Aux milieux des points de repères comme Lord Asriel, Farder Coram et Mme Coulter, les nouveaux personnages sont introduits sans peine. On aurait presque l’impression de déjà les connaître tant ils s’intégrent naturellement à ce monde fantastique. On découvre Malcolm, puis plus tard Alice. Puis on rencontre quelques nonnes déterminées, quelques agents peu sympathiques du CDC et les espions prudents d’Oakley Street. Toute une foule d’acteurs essentiels dans le voyage qui mènera Lyra jusqu’au Jordan College.

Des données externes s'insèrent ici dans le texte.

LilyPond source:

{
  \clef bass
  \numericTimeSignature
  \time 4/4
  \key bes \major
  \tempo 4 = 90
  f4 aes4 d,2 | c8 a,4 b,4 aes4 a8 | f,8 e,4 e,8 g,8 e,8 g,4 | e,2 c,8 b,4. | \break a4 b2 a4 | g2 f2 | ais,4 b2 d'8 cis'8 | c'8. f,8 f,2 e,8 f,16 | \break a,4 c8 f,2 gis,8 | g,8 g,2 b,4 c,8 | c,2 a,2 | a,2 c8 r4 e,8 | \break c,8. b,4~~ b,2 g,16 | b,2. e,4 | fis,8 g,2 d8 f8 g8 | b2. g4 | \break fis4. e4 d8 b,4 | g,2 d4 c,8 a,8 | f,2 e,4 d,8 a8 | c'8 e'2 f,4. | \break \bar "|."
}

Comme dans les précédents romans, Pullman plante le décor autour d’un Londres un peu steampunk, sous le joug du Magisterium, une théocratie obscurantiste qui étant son pouvoir sur l’Europe occidentale. Si la première trilogie nous parlait plutôt de la religion catholique (allez la lire vraiment !), on découvre dans ce roman-ci une direction plus folklorique avec des dieux et créatures plus païennes. Pullman dans cet univers nous livre une vision critique de la religion sans la dénigrer pour autant. Il nous en livre sa propre interprétation, les bienfaits de la foi et les dangers de l’endoctrinement.

En bref ?

J’ajouterai simplement que ce roman, comme les romans précédents, est un véritable parcours initiatique dans lequel le héros découvre le monde d’un autre œil. Il passe (un peu trop tôt) de l’enfance à l’âge adulte en traversant maintes péripéties, le tout prédit par une prophétie obscure. Les dynamiques entre le bien et le mal, le questionnement de Malcolm sur le « bon » camp à choisir, sa détermination et sa bonté. Tout est très finement rendu par l’écriture fluide et vraie de Philip Pullman. Il n’a aucun mal à nous transporter, à tel point que par moment, pendant la lecture, on jurerait apercevoir son propre dæmon dans un coin de notre champ de vision.

Du coup, je le lis?

Que vous ayez lu ou non la première trilogie, vous pouvez foncez. Si vous aimez le fantastique doux et poétique. Si vous aimez prendre du recul sur vos principes et ce que vous croyez savoir de vous-même. Et si vous voulez suivre cette véritable épopée depuis son origine, n’hésitez pas. Je vous conseille en revanche lire la première trilogie avant de lire le second tome de « La Trilogie de la Poussière » qui est sorti ce mois-ci en VO. Vous avez un peu plus de temps car la sortie en français de « The Secret Commonwealth » n’est pas encore annoncée.

Un dernier conseil ?

Je ne vous donne pas vraiment de conseil cette fois mais je vous annonce que la BBC (chaîne de télévision anglaise très réputée) va diffuser dès le 3 novembre la série His Dark Material : À la croisée des mondes, adaptation très attendue de la première trilogie de Philip Pullman. HBO diffusera le premier épisode dès le lendemain et OCS ensuite. Ce sera l’occasion de (re)découvrir les aventures de Lyra avec un casting en or et une réalisation qui s’annonce toute aussi brillante.